The Minneapolis Area Association of Realtors has released its latest report this week and incredibly, the pending sales number continues to show better year over year performance as it has done for nearly the past 4 months.  This is despite the really difficult economic news.

(Click to enlarge the graph)

Twin Cities Pending Sales Activity 11-17-08

Now it does appear that much of the activity is based upon buyers swooping in to purchase “lender-mediated” or distress sale properties.  In fact, Jeff Allen’s note says that some 54.4% of the pendings last week were on “lender-mediated”/distress sales and that 43.2% of those were for properties priced under $150,000.  (And we wonder why our median sales price is down 18% YTD?)

The other point worth noting is that of the new listings coming on the market 41.1% are lender-mediated (i.e. foreclosures, short sales, corporate owned).

Here’s the report and commentary:


Weekly Market Activity Report

As the fall temperature persists at near freezing levels, home sales activity remains stubbornly higher than it was a year ago, despite weakened consumer confidence and a sluggish economy. Pending sales for the week ending November 8 were 16.9 percent higher than the same week in 2007, and over the last three months have been a robust 26.6 percent higher. Lender-mediated foreclosures and short sales in the lower price ranges are driving the swing upwards; 54.4 percent of the most recent reporting week’s pending sales were lender-mediated and 43.2 percent were priced under $150,000.

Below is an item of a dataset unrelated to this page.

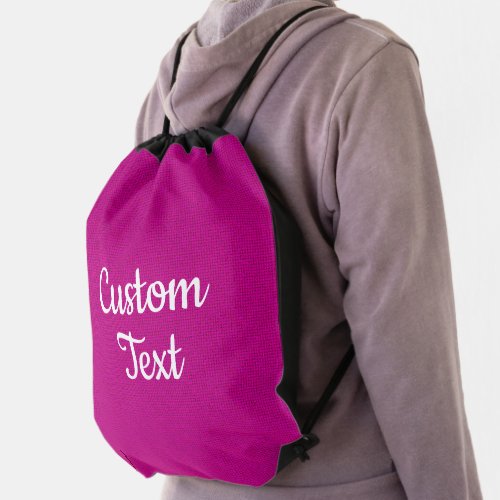 Customer Calligraphy Script Name Personalized Pink Drawstring Bag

Supply remains down from last year but appears to have reached a plateau of sorts. We have had roughly 9 percent fewer total homes for sale than at the same point last year for the last 5 consecutive weeks. New supply coming onto the market continues to slow its velocity and will likely remain commensurate in pace with fourth-quarter 2007. A total of 41.1 percent of new listings over the past week were lender-mediated.